First, we trained and monitored the GPs in the intervention group to conduct the narrative-based intervention and we instructed the GPs in the control group to continue with care as usual. Despite the fact that we monitored the implementation of the intervention by telephone or personal visits to the GPs, we had no possibility to observe the consultations with the patients. For this reason, we do not know if the intervention had been implemented per protocol. Furthermore, we also do not know if the GPs from the control group really had conducted care as usual or whether they had focused more on their patients due to their study participation.

Second, there might be a selection bias in our GP population if a higher-than-average percentage of motivated and educated GPs responded to our invitations for study participation. This bias might even have increased because we had randomly selected GPs from the official physician register in statutory healthcare and through Internet and print media advertisements.

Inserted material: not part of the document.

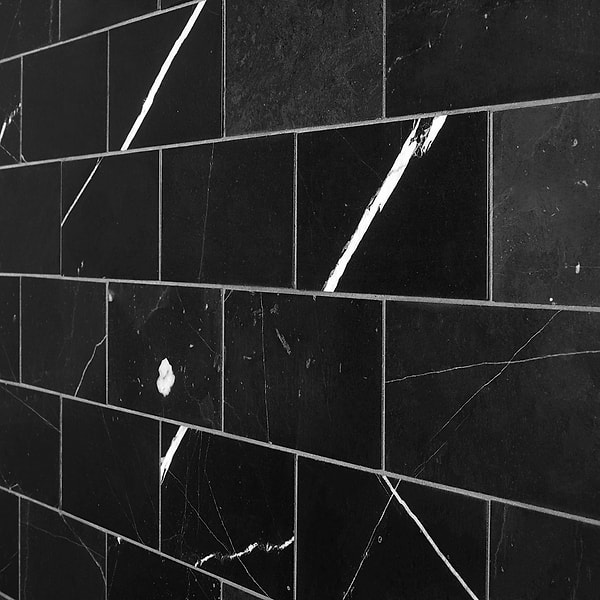 Nero Marquina Black 3x6 Honed Marble Subway Tile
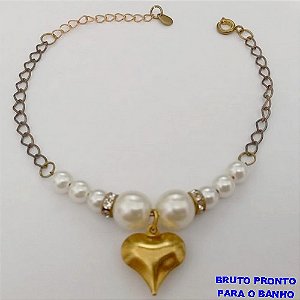 PULSEIRA NO BRUTO PRONTO PARA O BANHO(CX168) PULSEIRA DE PEROLAS COM CRISTAL E UM CORAÇÃO DE 1,5CM (TAMANHO 18CM+ EXTENSOR)PESO 3.7GR - BRU25000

Thirdly, the missing efficacy of our study might also result from the fact that our study did not explicitly address oversupply and misuse of certain classes of medications, but aimed at identifying and addressing unmet needs of patients as well. This problem has been discussed in literature. For example, in a systematic review of the literature, Hajjar et al stated that polypharmacy might not be reduced if intervention studies simultaneously addressed overuse and underuse of medications as both effects might even out each other.48 Regarding the secondary outcomes, it needs to be noted that healthcare costs could not be quantified in Euros in the short form of the Leipzig Supply and Cost Instrument, but instead are expressed as use of healthcare providers.

There are also some limitations related to the representativeness of the study. The population was recruited among patients with multimorbidity who visited their GPs during the study period. Thus, non-users of general practice services were not included. Furthermore, we obtained a response rate of 48.8%, which means that more than half of the eligible population refused to participate in the study. However, on average, we recruited two patients more per practice than expected and the sample included 56 patients more than planned. As with most population-based healthcare research, selection bias towards cooperative patients who may have been more satisfied with their primary care than other patients cannot be excluded. Besides a slight patient selection bias regarding gender and certain diagnosis groups, we found no other baseline differences regarding sociodemographic data and no bias regarding medication intake.

Conclusions

This is the first cluster-randomised controlled trial investigating the effects of a multifaceted intervention based on the Chronic Care Model and Narrative Based Medicine on the number of medications taken and health-related quality of life. Intensifying the doctor–patient dialogue and discussing the patient’s agenda and personal needs did not lead to a reduction of medication intake nor did it alter health-related quality of life. Exploratory analyses show that the additional consultations in our intervention group probably have not been without any effect, but may have resulted in an increase of the medication load, especially regarding analgesics. Future interventions addressing both oversupply and undersupply of medications should therefore be accompanied by measures preventing an inappropriate prescription of medications.